Die Großmacht FC beschneidet alle Gehversuche der kleinen Klubs
Der FC schwebt als Fixpunkt über allen Kontrahenten, seine reine Existenz bedrängt und beschneidet die Gehversuche anderer Klubs. Schon mehrfach wurden kritische Stimmen laut, dass die Stadt Köln nur den Erstligisten unterstütze. In Köln kommt der FC, dann lange nichts mehr. Die Domstadt hatte letztmals 2000 zwei Vereine im Profifußball – damals tummelten sich der FC und Fortuna in Liga 2 herum.
Was wird aus deinfussballclub.de?
Doch neben der einverleibenden Rolle des FC spielt beim Niedergang der weiteren Traditionsklubs in Köln auch ein anderer Faktor eine Rolle. Sowohl die Fortuna als auch Viktoria hatten den Selbstzerfleischungs-Knopf betätigt. Beide Vereine wollten hoch hinaus, stürzten jedoch tief. Die Verbindlichkeiten in Millionenhöhe sind nun einmal nicht nur Folgen fehlender städtischer Unterstützung.

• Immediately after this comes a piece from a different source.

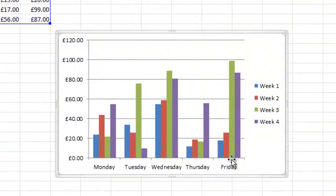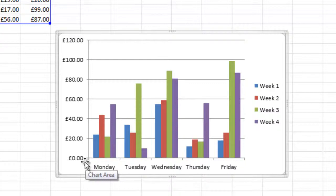At the left hand side you can see the amount of money, and on the bottom you can see the days, and on the right you can see the weeks.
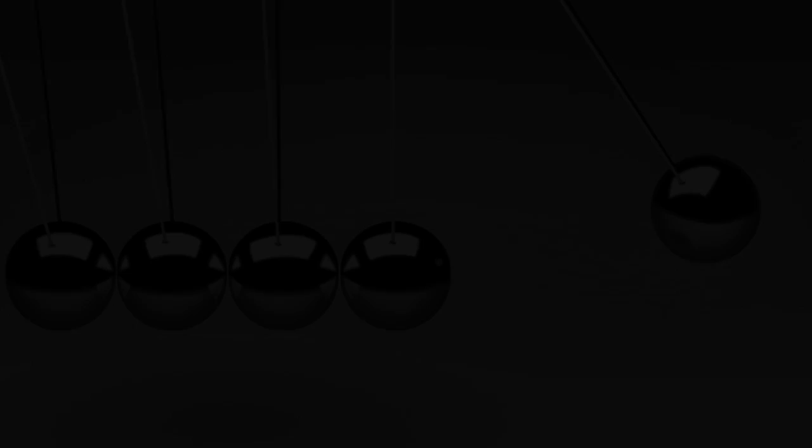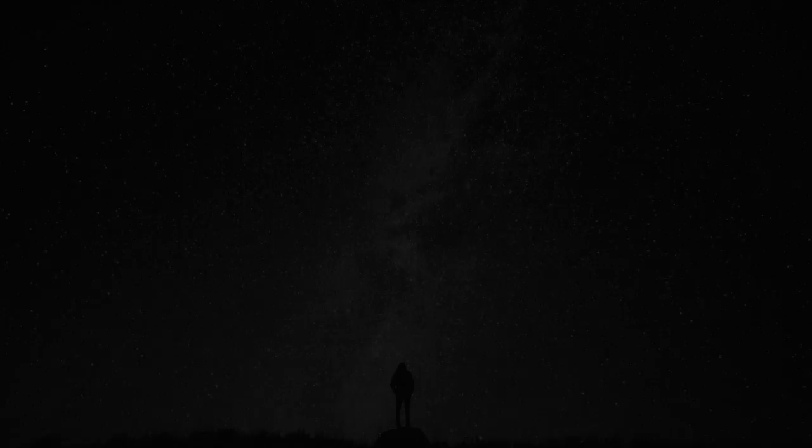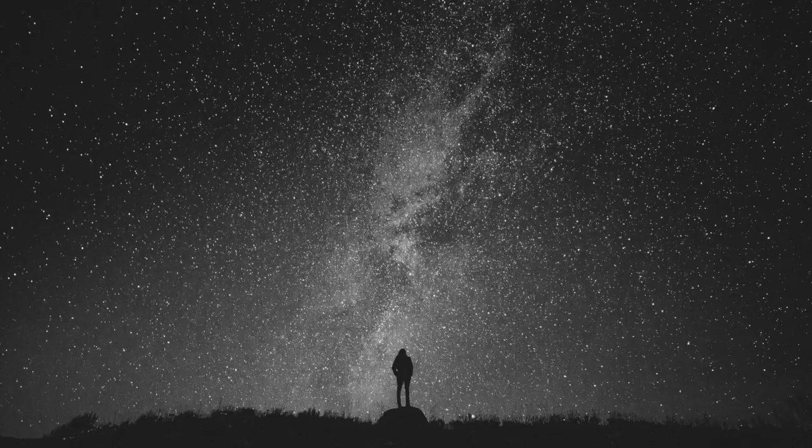And indeed, there will be time to wonder, do I dare, and do I dare. Time to turn back and descend the stair. Do I dare disturb the universe? In a minute there is time for decisions and revisions which a minute will reverse.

Die finanzielle und sportliche Schieflage, die im August vergangenen Jahres fast noch das Aus für den FC Viktoria Köln bedeutet hätte, konnte im Winter im letzten Moment abgewendet werden. Der Mittelrheinligist FC Junkersdorf gliedert für die kommende Saison seine Senioren in den Verein Viktoria Köln um. Die Visionen im Osten Kölns haben bereits im März diesen Jahres weitere Nahrung erhalten, denn der FC Junkersdorf hat den Aufstieg in die NRW-Liga erreicht, da sie sich als einziges Team für die höhere Spielklasse gemeldet haben.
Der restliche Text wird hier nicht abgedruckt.